Mukbang

Choi Ji-hwan

Mukbang is a live online audiovisual broadcast in which a host eats large amounts of foods while interacting with their audience. Usually done through an internet webcast, mukbang became popular in South Korea in the 2010s. Foods ranging from pizza to noodles are consumed in front of a camera for an internet audience (who pay or not, depending on which platform one is watching). The word is a portmanteau of the Korean words for ‘eating’ (‘meokneun’) and ‘broadcast’ (‘bangsong’).

Some mukbangs involve eating large amounts of food rapidly, while others features hosts savoring small meals at a more normal pace. In 2018, the South Korean government announced that it would create and regulate mukbang guidelines by launching the ‘National Obesity Management Comprehensive Measures,’ which was intended to discourage binge eating.

Korea has formed a food culture based on traditional health discussions and strict etiquette. Recently, however, the emergence of the dominant food culture in Korea and an Internet eating culture that deviates from the traditional identity has drawn attention. First introduced on real-time Internet TV, it now has become a trend in cable channels as well as terrestrial broadcasting.

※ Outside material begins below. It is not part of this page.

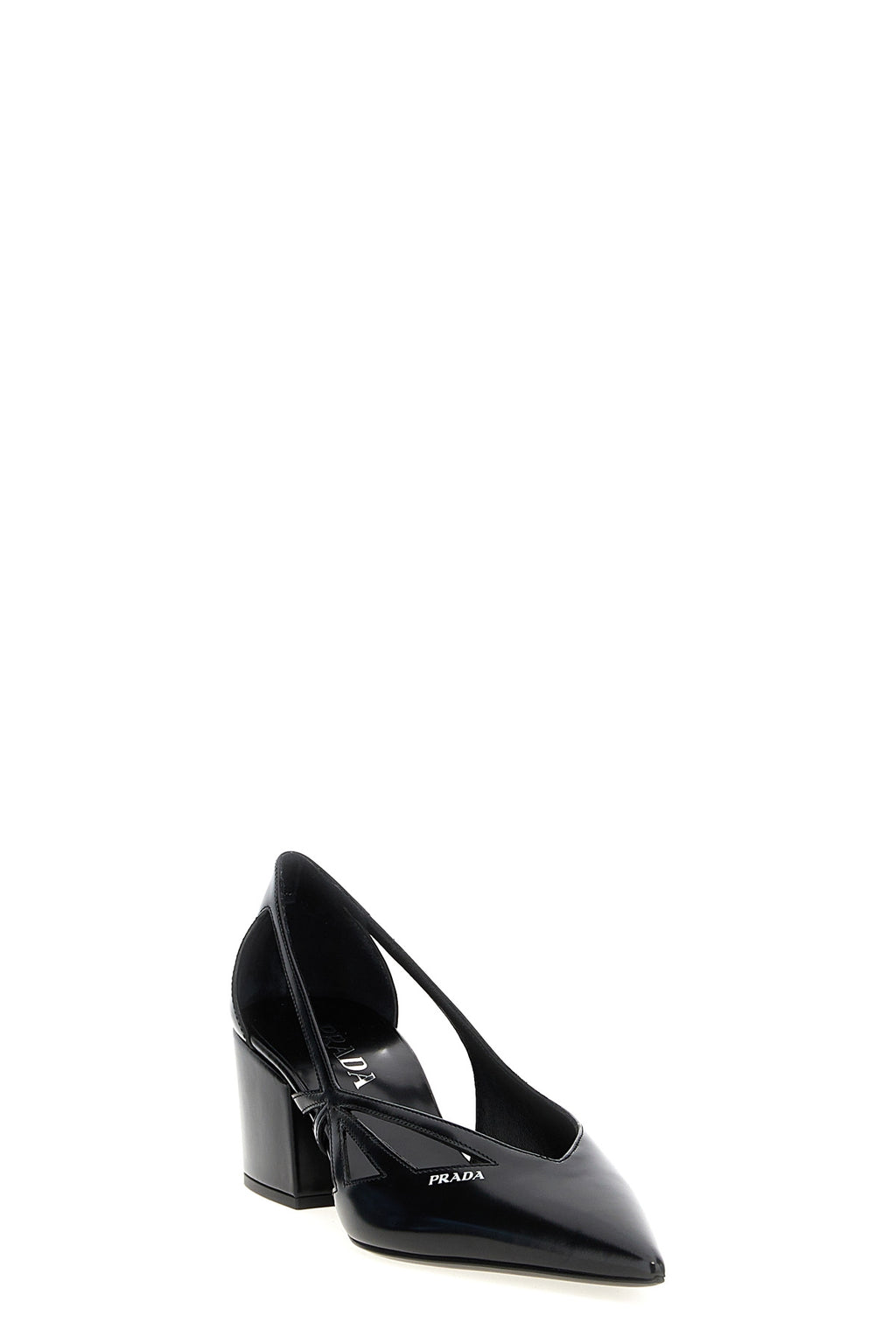 PRADA Cut out pumps For Women 100% cow leather (bos taurus)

A newer variant of mukbang called Cookbang focuses on the attractiveness of the person who makes food. South Korean video game players have sometimes broadcast mukbang as breaks during their gaming streams. The popularity of this practice among local users led the video game streaming service Twitch.tv to begin trialing a dedicated ‘Social eating’ category in 2016.

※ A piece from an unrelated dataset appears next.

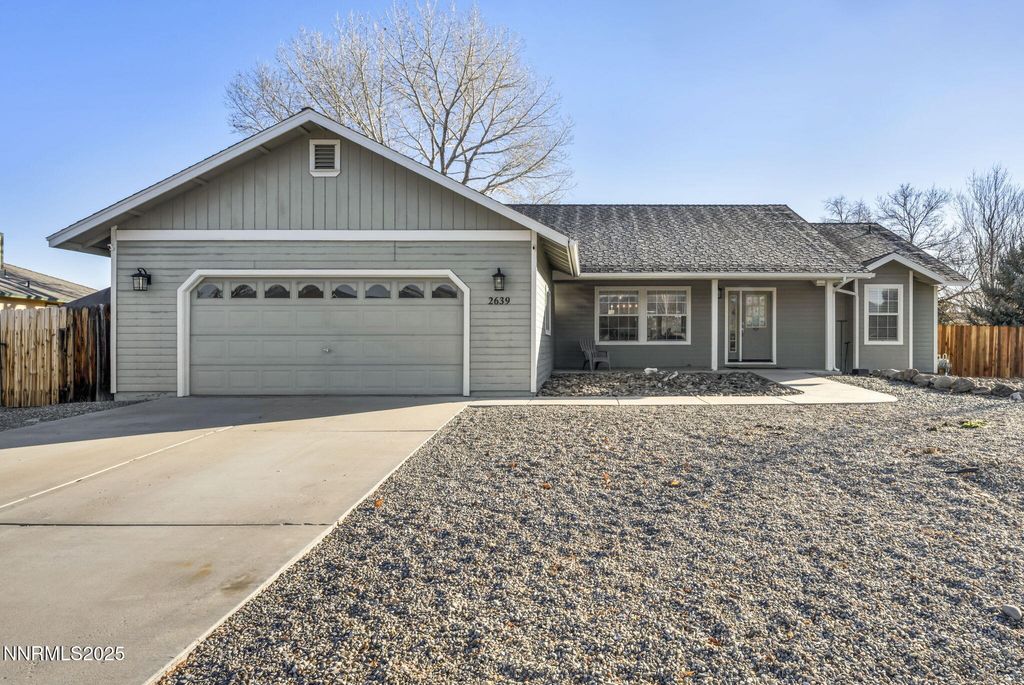 Photo of 2639 Wildrye Court, Minden, NV 89423 (MLS # 250059008)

‘The Economist’ once reported that Korean eating shows are popular because of their widespread anxiety and unhappiness in Koreans due to the long-term economic slump. Jeff Yang, an Asian-American cultural critic and senior vice president of the global research firm Kantar Futures, said that mukbang had its origins in ‘the loneliness of unmarried or uncoupled South Koreans, in addition to the inherently social aspect of eating in South Korea.’